Late on Sunday afternoon there is an outbreak of electoral responsibility the conference votes not to abolish the Queen.
September 22nd Elinor Goodman, the political editor of Channel Four News, is incensed that she has been declared "a national treasure" by a senior politician (she is of course exactly that). During a brief encounter outside the Grand Hotel she voices her outrage about another national treasure which (unlike her) is sadly diminished the extent of the recent damage to Brighton's West Pier is really shocking, and no one seems to be doing anything about it. When the sea is as bright and blue as it is at the moment the remains stand out like a charred skeleton, a sad contrast to the gaily coloured prints of crowds gathered for its opening in 1866 which decorate the walls outside my hotel room.

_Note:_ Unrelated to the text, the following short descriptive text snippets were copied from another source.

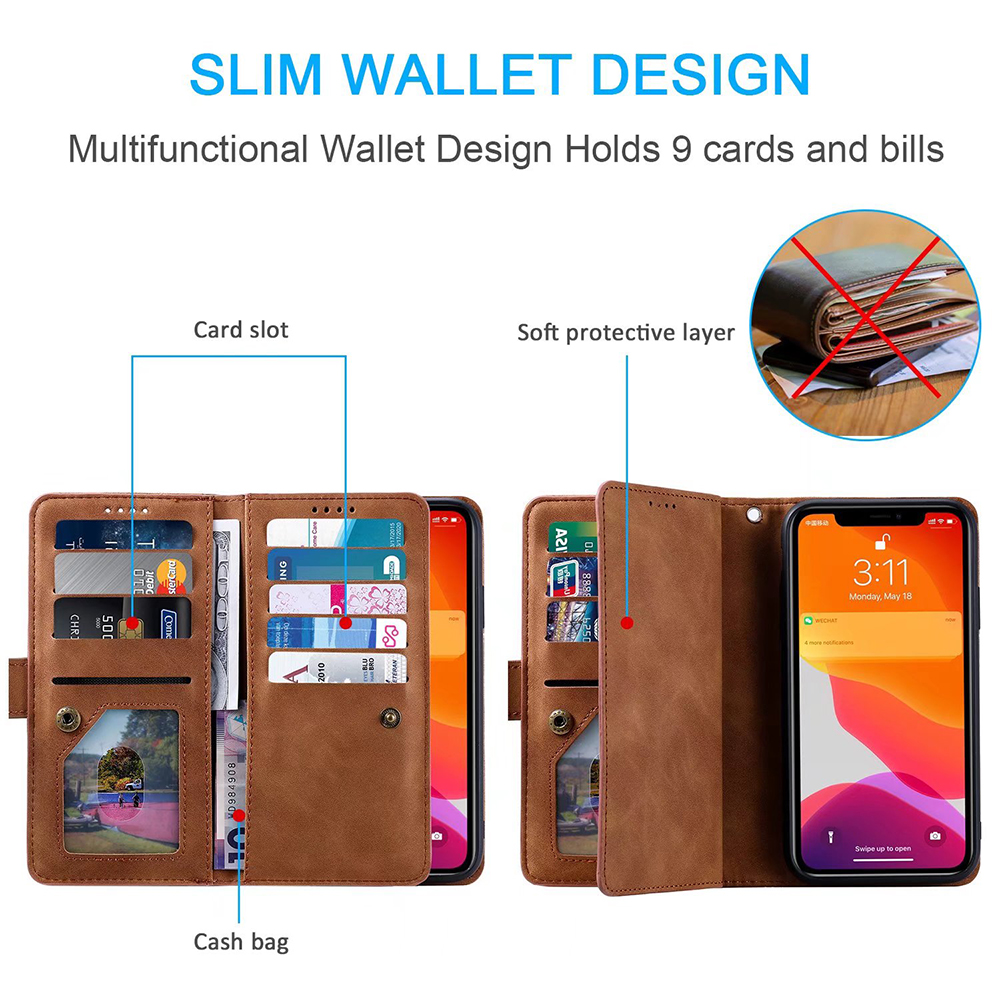 9 Cards Wallet Case for Redmi  - Leather Folio Wallet Case recension och pris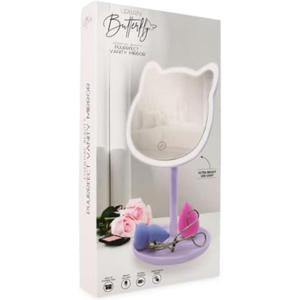 Puurrfect Mirror Gifts, Cute Cat Ears Shape Mirrors Makeup with LED Lights Touch Control (Violet) Purple. Smart Touch.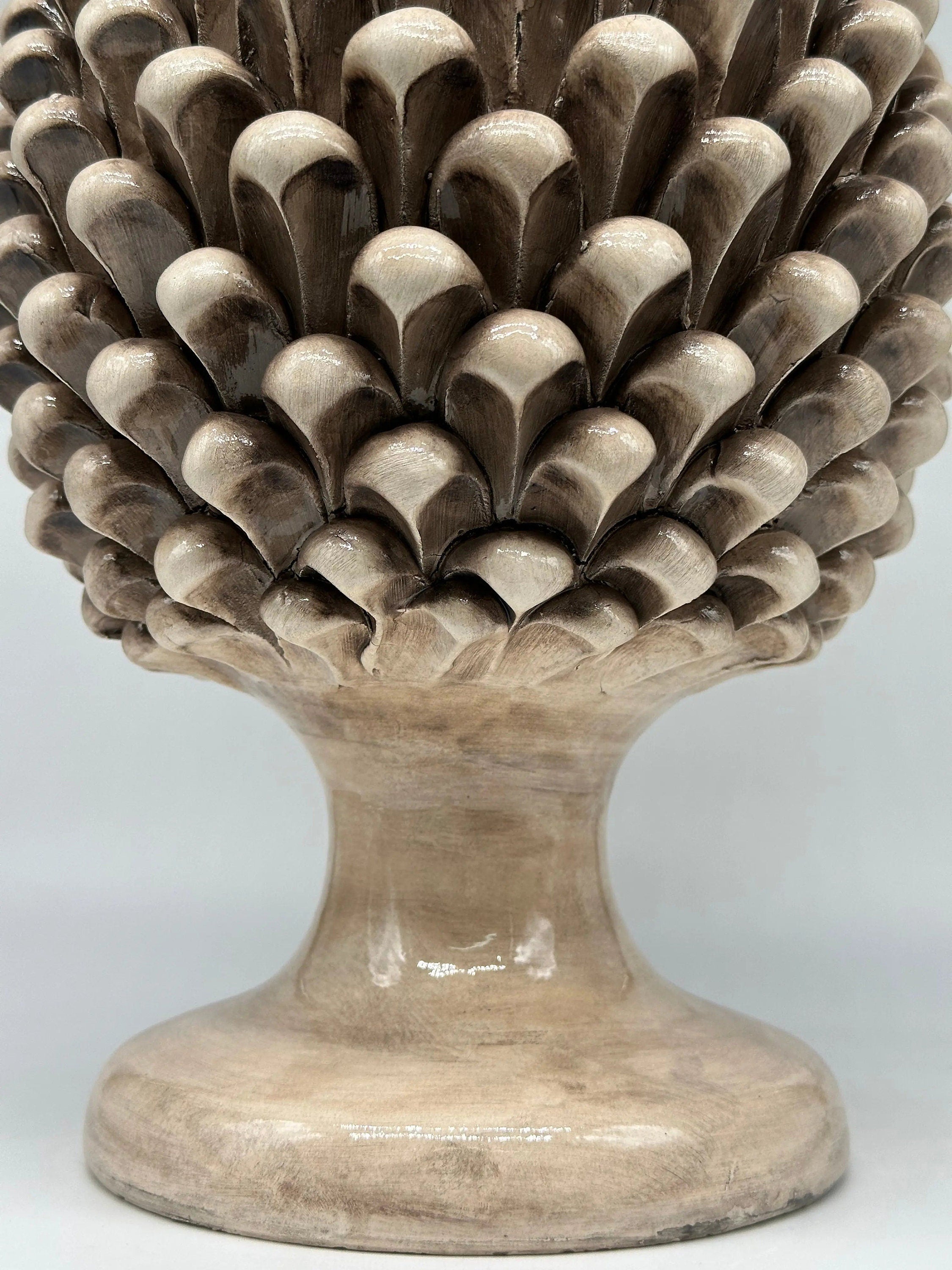 Pigna Ceramica Caltagirone cm H.40 Artigianale Beige Écru DD CERAMICHE SICILIANE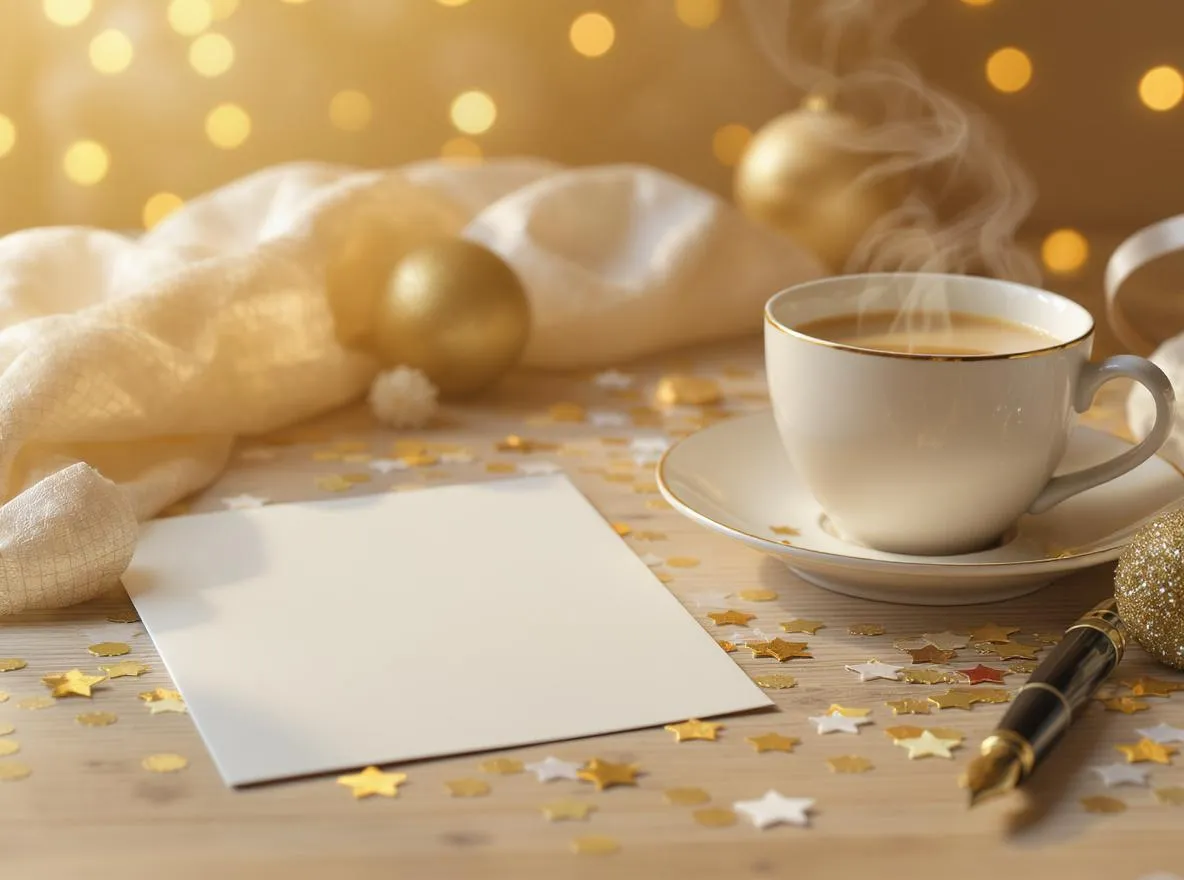 Carte de vœux du Nouvel An posée sur une table, lumière dorée en fond, ambiance élégante et chaleureuse.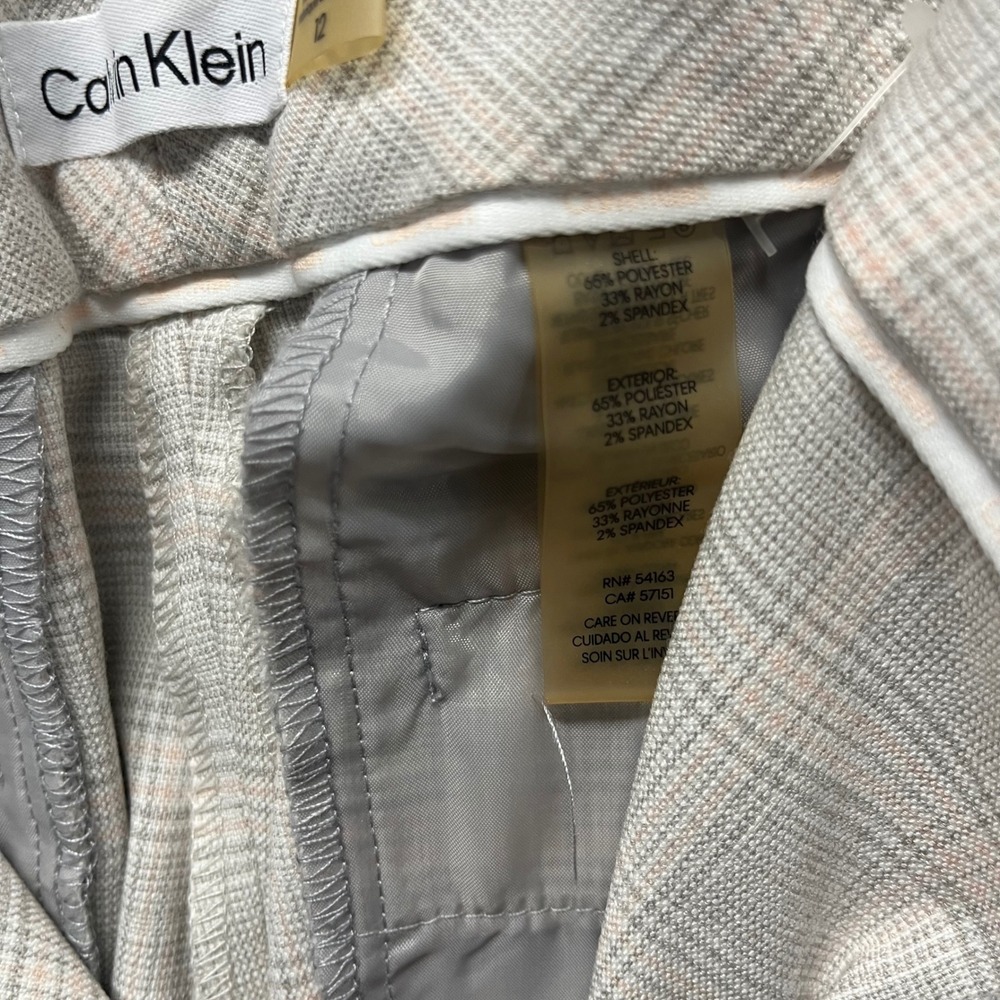 Calvin Klein Womens Grey Plaid Straight Leg Dress Pants Size 12 S32PO720 - Picture 3 of 7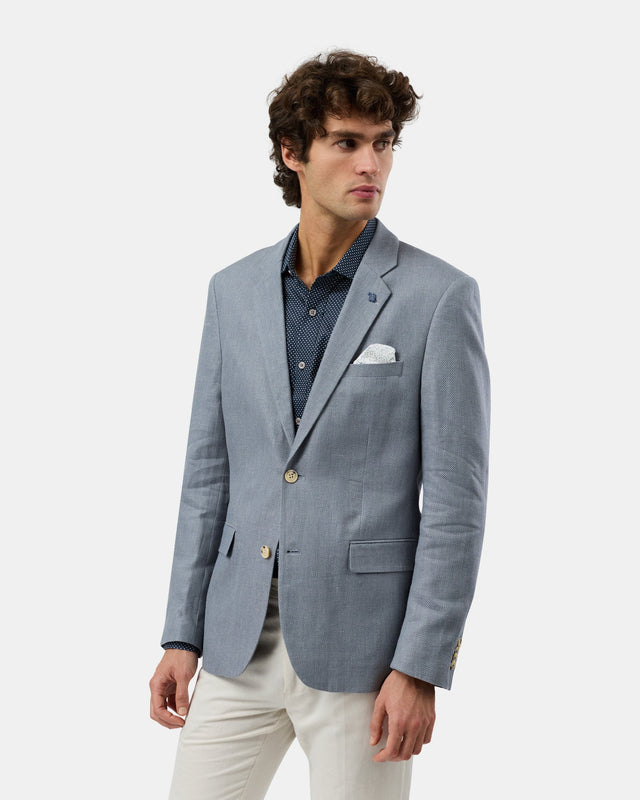 Brooksfield BFU1010 fully lined grey blazer, front view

An afternoon spent trying to find people who would be rude about the Liberal Democrats' campaigning techniques - it proved surprisingly easy.
Charles Kennedy is hosting a drinks party, but it does not start until 10.30pm, and with a three am start in prospect I lose heart and duck out. This failure of nerve depresses me and makes me feel old and so to bed, reflecting that I have been coming to these conferences since the days when the Liberal Democrats were plain old Liberals, and the SDP was no more than a gleam in the mischievous eyes of the late Lord Jenkins.
September 23rd Some enterprising Liberal Democrat has produced a pack of playing cards featuring the party's MPs - it is being sold for charity. It is a good joke, but has not been quite thought through in the light of the American pack of the Most Wanted Saddamites in Iraq. The party leader, Charles Kennedy, is the king of hearts (of course) and the new member for Brent East has slipped in as a joker (the pack went to press before the result, so this was an act of considerable faith). But the unfortunate Don Foster, the party's Transport Spokesman, has been assigned the ace of spades and is getting rather weary of the jokes about his alleged resemblance to the Butcher of Baghdad.
His performance on the programme was heroic notwithstanding there was a delay while the Guardian editor Alan Rusbridger came on the line to talk about the very sad death of his columnist Hugo Young, and Foster and I - with doughty assistance from the Network Rail boss John Armitt - filled acres of airtime with a discussion of track maintenance and renewal costs, complete, by the time we finally wound up, with extensive European comparisons. It was not necessarily the subject we or the Lib Dems would have chosen for the longest policy interview of the week so far.
The Sun has gone after Charles Kennedy with a two page spread painting him as a lazy, bibulous left-wing looney. Lord Rennard, the clever clogs who masterminds the Lib Dems campaign strategy, says this is in fact good news because the paper has mocked up a picture of him outside Number 10, which will make voters think of him as a potential Prime Minister. Hmmm.
September 24th
Charles Kennedy admitted to me in the lift that he spent almost no time at his own bash on Monday night for reasons of feebleness akin to mine; since he is younger than me this made me much less depressed about my failure as a party animal.
By and large, his"cadres" seem a sober lot. Looking at my diary from last year's Tory conference I am reminded that when the Today team turned up at the main hotel in the wee small hours to prepare for our broadcast, the lobby looked like that scene in Gone With the Wind when the camera pulls back for what seems like an eternity, revealing the wounded and dying spread across the streets of Atlanta. There was one young Conservative in a dinner jacket who had passed out on the bosom of a still animated Tory matron-in-the-making, and was drooling gently into her ampleness as she held forth to the few souls still upright.
When I told this story to Mr Kennedy he became indignant; "You certainly won't find any dinner jackets here", he (almost) spluttered. So no doubt where the Lib Dems stand on DJs - we had to go on the air at that point soI was not able to establish the party position on drooling.
All the bathrooms in the Metropole seem to contain a yellow plastic duck. The Today team who went to Stockholm for the Swedish Euro referendum were each promised a "romance dispenser" by their hotel, which included - among several unmentionable items - a "canister of whipped cream". The purpose of the yellow ducks remains as obscure as that of the whipped cream, but they made better mascots, and we placed one in the middle of our makeshift studio table. During three days of interviews not one Liberal Democrat remarked on the fact that we were conducting our in-depth, policy-driven Socratic dialogues under the beady eyes of an aquatic toy. What this says about the party - or indeed us - I cannot say.